Rice Howard Way was full of great buildings and shapes, as well as some of the cars from the Honda Edmonton Indy that took place this past weekend. Heading down Jasper Avenue, I photographed many buildings - I found it interesting how I have been in this area many times, but suddenly everything takes on a different shape when I am looking to photograph it.

The Farmer's Market was an excellent place for shots, as always. I would have headed here anyways. Ditto for Taste of Edmonton, although I would not have gone back along 103 Avenue, which also made for some interesting architectural shots.

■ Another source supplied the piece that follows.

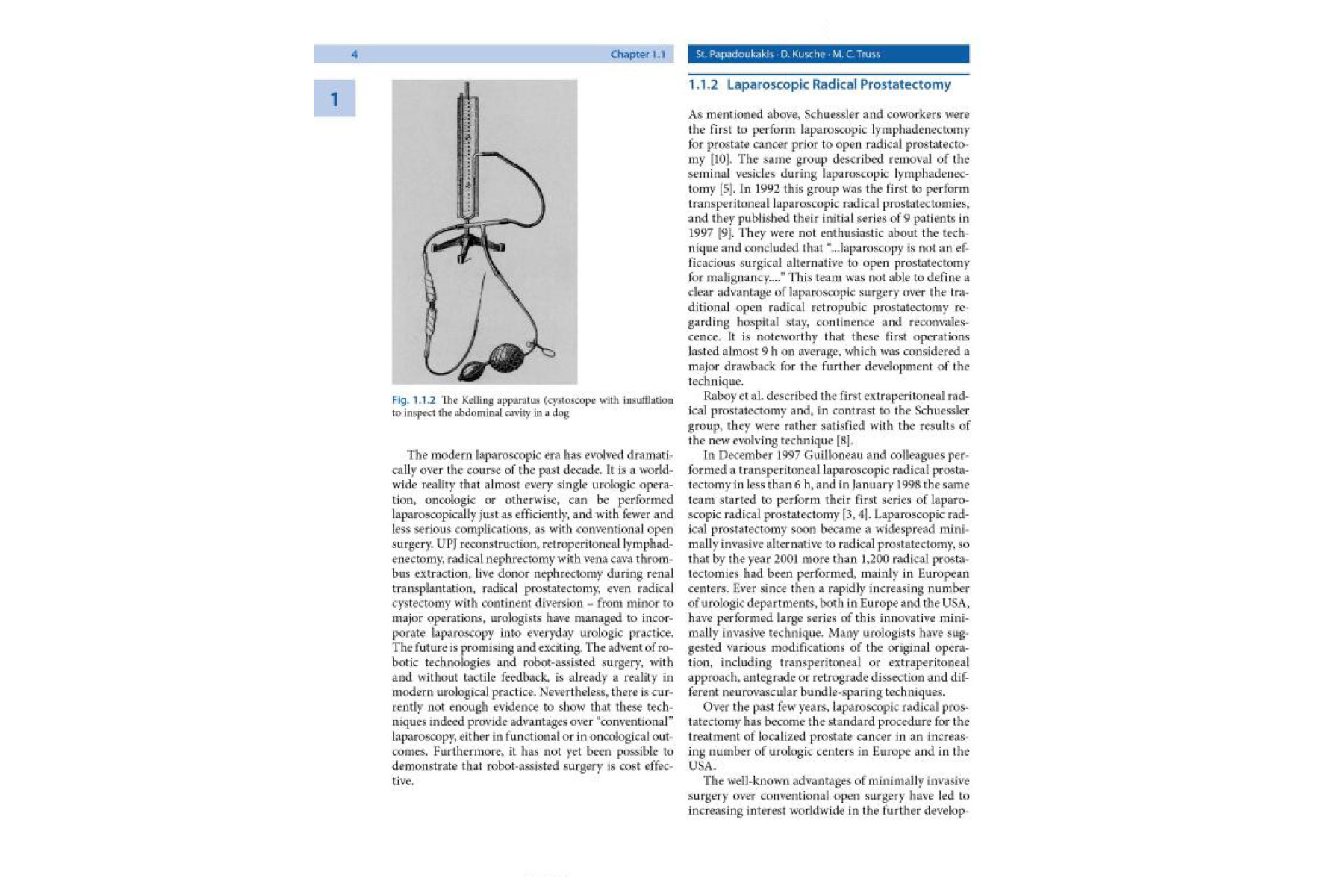 Endoscopic Extraperitoneal Radical Prostatectomy: Laparoscopic and Robot-Assisted Surgery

Although I arrived late, ended up getting separated from most of the other photographers in my group, and never had a chance to meet the leader (I opted to stay at Taste of Edmonton rather than venture to the restaurant for the get-together afterwards), I had a very memorable time and took many photos. In fact< it ook so many that I made a separate set for each area I was in, and put it all together under this collection.

River Valley Horse Show

I am not a horse fanatic, but I do appreciate equestrian events from time to time. Due to the construction on the Whitemud, I haven't been able to bike down to the Whitemud Equine Centre in a couple of years to see any of the summer horse shows that go on. Thankfully, thanks to a combination of ETS and a free shuttle the City set up near the Quesnell neighbourhood, I managed to make it down on Sunday for the final day of the River City Horse Show. I'm always amazed by how high these huge horses can jump. I took some pictures and was thankful there was a concession set up for cold drinks. Iced chai never tasted so good - it was hot out! A woman ahead of me in line ordered a hot chocolate. Takes all kinds!

Monday, July 19, 2010

Whyte Avenue Art Walk

The Whyte Avenue Art Walk is an annual event that I look forward to. Hundreds of working artists line the sidewalks, both selling their art and making at. I met many new and familiar faces, listened to some great music at the U22 stage in MacIntyre Park, and saw some incredible art in a variety of styles. I even bought something for the first time - it was a button with a cartoon on it of cookies and milk - the cookies all have different facial expressions. Trust me, it's going to look cool on my hoodie. The only thing I found unusual was how little photography there was this year. Lots of crafts, sculptures, painting, sketches, and mixed-media - but very few photographs. Here is my photo set from the event, and my iReport for iNews880.

Take Me Out to the Ball Game

I went to my very first baseball game ever yesterday. It took place at Telus Field, between the Edmonton Capitals and Yuma Scorpions (Yuma is in Arizona). This was also my first time at Telus Field, and my first time enjoying a hot dog at a ball game (if you go to a ball game, you have to have a hot dog - I think it's a law somewhere).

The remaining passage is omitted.